There are many reasons a decrease in an asset account can occur. Most decreases are due to the normal operations of a company. Current assets are liquid and are sold or exchanged for other assets regularly. However, there are times when a decrease in an asset account can indicate a financial or operational problem in a company.
Assets on a balance sheet are divided into three main categories: current, capital and other. Current assets are both cash and assets that are expected to be converted to cash within the next 12 months. For example, inventory converts to accounts receivable when a sale occurs. Accounts receivable then converts into cash when it's paid. Capital assets are more permanent in nature and include equipment, property and any receivables that are not due within the next 12 months. Other assets are those that fit into neither of the previous categories. Common assets that fall into this category are purchased goodwill and patents.
Decreases in current assets occur all the time. The cash balance in a company rises and falls based on inflows and outflows of operational cash and financing activities. A decrease in an asset is offset by either an increase in another asset, a decrease in a liability or equity account, or an increase in an expense. An example of the first is an inventory purchase. Cash decreases while inventory increases. An example of the second is a loan payment. Cash goes down by the amount of the payment while the total amount owed also goes down. An example of the third is a sale of inventory. The inventory balance decreases and the cost of the goods sold account increases.
Decreases in capital assets can occur for several reasons. The main one is the sale or decommission of capital assets. If a company sells one of its transport trucks, the cost of the truck minus depreciation will be deducted from the capital asset account while either cash or loans receivable increase. The difference between the net purchase price and the sale price is a gain or loss on sale. If there are long-term receivables on the balance sheet, they will decrease as payments are made.

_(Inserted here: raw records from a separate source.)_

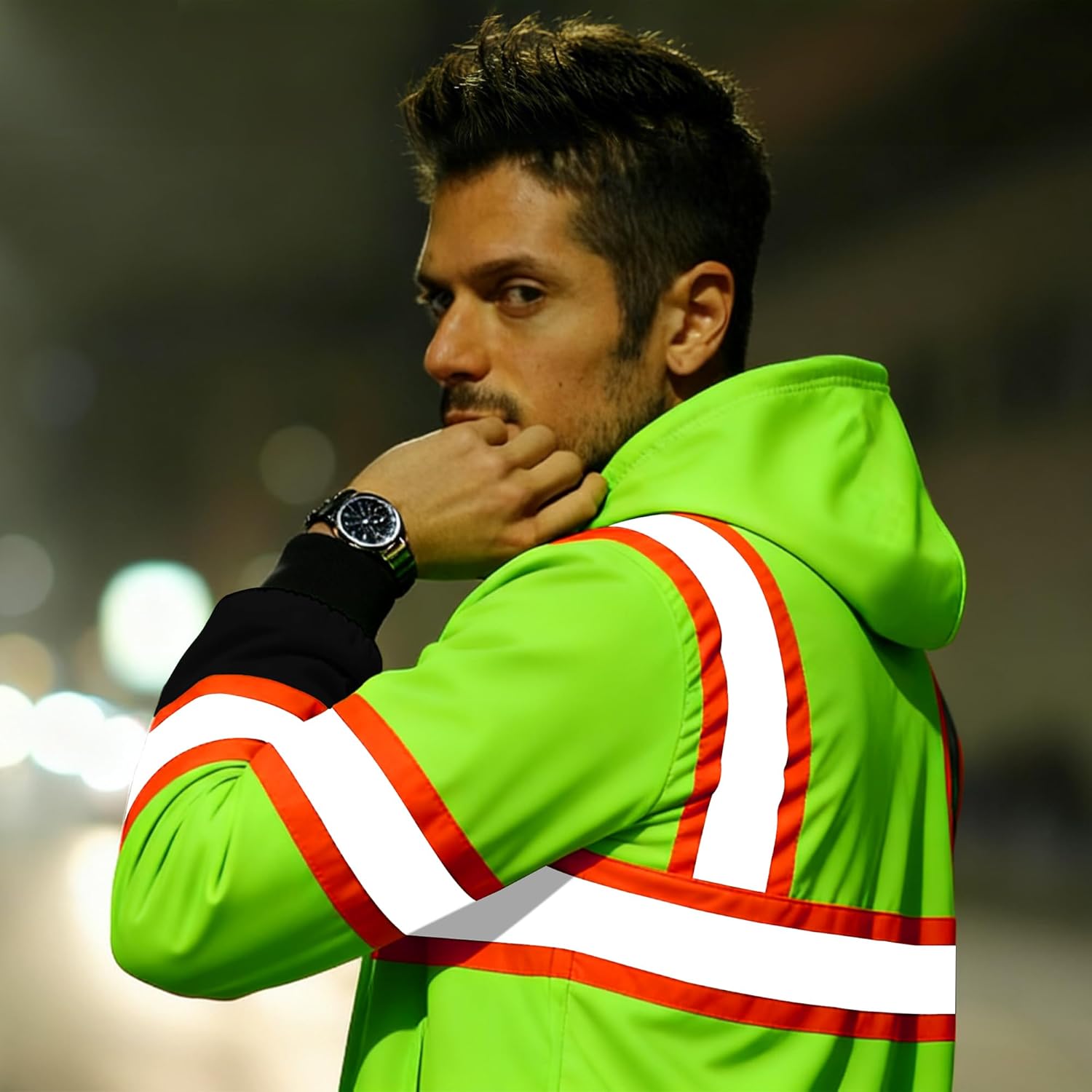 Hi Vis Safety Hoodie Class 3 High Visibility Sweatshirt for Men Reflective Zip Up Sweater with Black Bottom, Yellow, L - Image 2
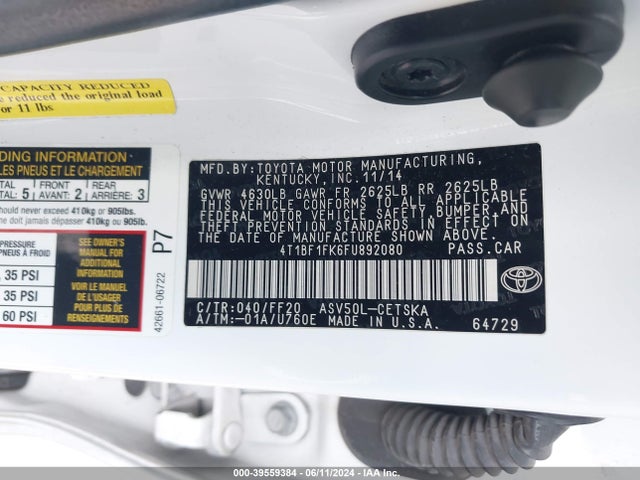 Toyota CAMRY SE 2015 4T1BF1FK6FU892080 Image 9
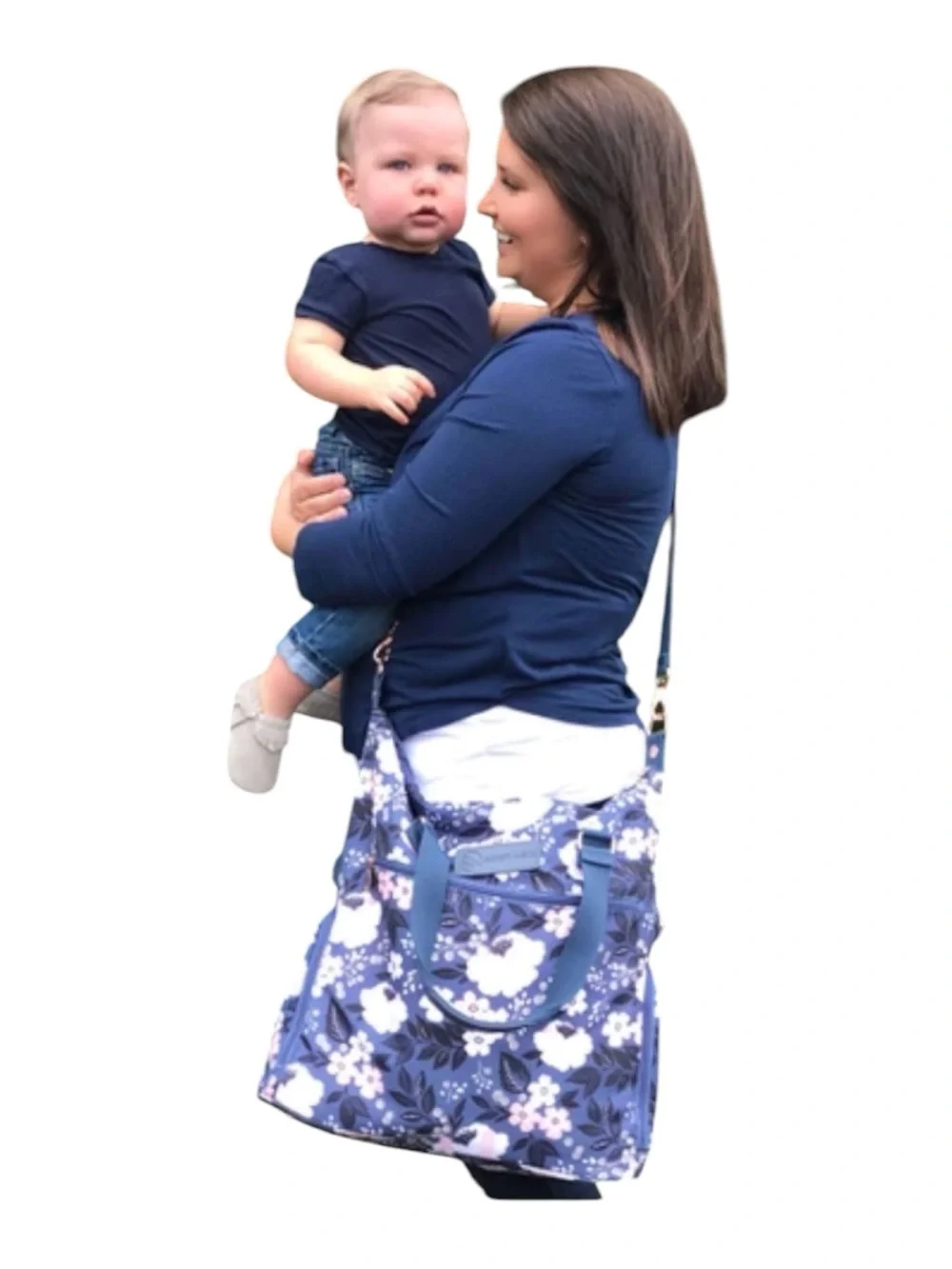 Sarah Wells “Le floral “ Lizzy Breast pump bag / diaper bag loads of pockets .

There are some balance sheet decreases in assets that can indicate an underlying problem and should be investigated further. One is a long and sustained decrease in capital assets. While it may mean that a company is able to produce revenues with fewer assets, it is more likely to mean that the company is not replacing its capital assets, which can indicate a cash crunch and, potentially, a long-term decline in revenues. Another is a decrease in accounts receivable with a corresponding increase in inventory. This can indicate that sales are slowing and inventory balances are building -- a situation that needs to be analyzed thoroughly in order to boost sales.